Et 32 minutes supplémentaires ont été nécessaires pour l’envoi de «l’alerte intrusive» sur les téléphones mobiles et téléviseur en raison d’une erreur sur la longueur de l’avis envoyé au service gouvernemental. Ce dernier accepte des messages de 300 caractères maximum dans chacune des langues et celui envoyé par la SQ était trop long.
«Je n’avais pas cette information-là», a confié Benoit Richard, responsable de la rédaction ce jour-là à la Sûreté du Québec.
L’analyse du risque, encore
Largement abordée lors des premières journées d’audience, la question de l’analyse du risque que représentait Martin Carpentier est encore revenue dans les discussions lundi.
Le capitaine Lépine a confié qu’à son premier contact avec l’enquête à 11h35 le matin du 9 juillet, on l'a informé lui aussi que Carpentier était un bon père aimant qui avait même une bonne relation avec son ex.
«On ne vous parle pas d’autres personnes qui ont une vision différente?» l’a questionné le coroner Luc Malouin, faisant allusion au conjoint de la mère et à un ami de Carpentier qui ont signé des déclarations faisant état d’inquiétudes la veille, ce à quoi le policier a répondu par la négative.

«Eh ben...», s’est contenté de rétorquer le coroner, cachant encore une fois bien mal son étonnement face à ce fait qui a visiblement désaligné l’enquête dès les premières heures.
Même chose dans le cas du capitaine Martin Robert, entré dans l’enquête à 11h30 le matin du 9 juillet et qui a confié qu’on lui avait mentionné à 11h55 que Carpentier n’allait peut-être pas bien. Pourtant, l’enquêtrice Annie Thériault avait témoigné la semaine dernière que le drapeau rouge avait été levé vers 10h30 après une discussion avec le nouveau conjoint de la mère des petites.

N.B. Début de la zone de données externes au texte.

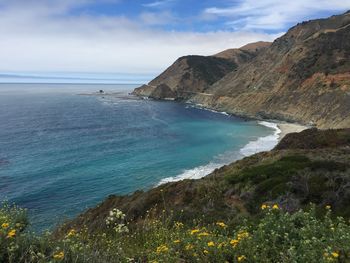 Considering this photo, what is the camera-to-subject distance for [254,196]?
65.6ft

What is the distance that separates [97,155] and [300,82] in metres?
68.3

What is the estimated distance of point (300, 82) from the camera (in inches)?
4043

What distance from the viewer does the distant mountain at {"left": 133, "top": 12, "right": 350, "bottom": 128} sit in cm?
8494

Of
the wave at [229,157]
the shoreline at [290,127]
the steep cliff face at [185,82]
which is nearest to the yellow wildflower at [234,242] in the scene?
the wave at [229,157]

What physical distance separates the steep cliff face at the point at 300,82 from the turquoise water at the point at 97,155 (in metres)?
12.9

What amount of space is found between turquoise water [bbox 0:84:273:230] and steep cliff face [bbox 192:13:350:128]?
1292 centimetres

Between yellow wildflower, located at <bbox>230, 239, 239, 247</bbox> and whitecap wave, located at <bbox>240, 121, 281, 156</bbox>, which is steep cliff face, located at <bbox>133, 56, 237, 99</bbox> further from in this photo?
yellow wildflower, located at <bbox>230, 239, 239, 247</bbox>

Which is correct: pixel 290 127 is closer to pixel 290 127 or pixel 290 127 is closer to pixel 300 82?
pixel 290 127

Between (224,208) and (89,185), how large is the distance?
2465 centimetres

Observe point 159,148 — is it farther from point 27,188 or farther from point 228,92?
point 228,92

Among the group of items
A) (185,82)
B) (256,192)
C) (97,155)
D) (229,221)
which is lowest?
(97,155)

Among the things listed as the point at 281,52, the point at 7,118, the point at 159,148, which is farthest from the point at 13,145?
the point at 281,52

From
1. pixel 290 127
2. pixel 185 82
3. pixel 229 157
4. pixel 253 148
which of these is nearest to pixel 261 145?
pixel 253 148

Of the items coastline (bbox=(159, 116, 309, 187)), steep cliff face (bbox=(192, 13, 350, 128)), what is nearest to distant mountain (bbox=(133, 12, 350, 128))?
steep cliff face (bbox=(192, 13, 350, 128)) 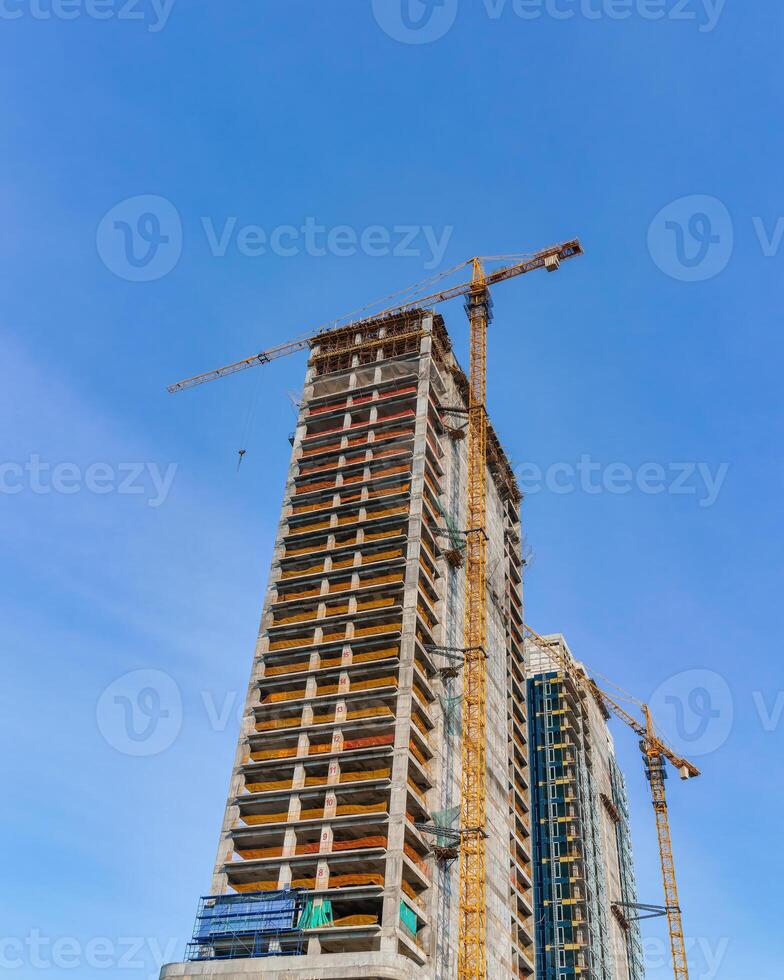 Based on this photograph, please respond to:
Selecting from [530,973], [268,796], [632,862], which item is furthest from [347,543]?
[632,862]

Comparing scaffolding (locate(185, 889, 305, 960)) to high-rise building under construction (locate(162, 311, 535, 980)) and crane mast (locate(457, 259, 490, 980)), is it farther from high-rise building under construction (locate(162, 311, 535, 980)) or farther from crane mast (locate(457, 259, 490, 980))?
crane mast (locate(457, 259, 490, 980))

«Comment vous expliquez que ça prenne une heure et demie pour qu’on vous dise qu’il y a un problème? [...] Est-ce qu’on n’aurait pas dû être proactifs et vous appeler?» a questionné le coroner Malouin.
L’alerte Amber de minute en minute
8 juillet 2020
21h20
- Accident impliquant la voiture de Martin Carpentier sur l’autoroute 20.
Entre 22h et minuit
- Des patrouilleurs prennent les déclarations de la mère des fillettes, Amélie Lemieux, de son conjoint et d’un collègue de Martin Carpentier. Les deux derniers font état de craintes, de l’état dépressif du père, tandis que la mère dit qu’il est un bon père.
9 juillet 2020
10h08
- Une coordonnatrice en disparition et enlèvement est mobilisée sur le dossier. L’inquiétude grimpe, mais les critères de l'alerte Amber ne sont pas remplis.
11h30
- Un responsable du déclenchement d’alerte, Marc Lépine, est appelé au dossier.
11h35
- Le premier officier à lui faire un topo parle «d’un bon père», «pas violent». Le critère «d’intention criminelle» n’est pas rempli.
12h45
- Début d’une conférence téléphonique entre les différents officiers attitrés à l’enquête.
13h20
- La décision de lancer l’alerte est prise et la commande est envoyée aux communications de la SQ.
13h30 à 13h50
- Le responsable de la rédaction reçoit les premières informations et entreprend la rédaction de l’avis.
14h30
- Les dernières informations sont récoltées et l’autorisation de diffusion est accordée.
14h51
- Envoi de l’alerte aux médias et aux autres partenaires de la SQ, dont le Centre des opérations gouvernementales, qui s’occupe de la plateforme Québec en alerte, qui diffuse «l’alerte intrusive» sur les téléphones mobiles, la télé et la radio.
15h23
- Diffusion de l’alerte intrusive. Le délai de 32 minutes s’explique par un problème de longueur de message. Ce dernier contient trop de mots pour la plateforme et doit être modifié.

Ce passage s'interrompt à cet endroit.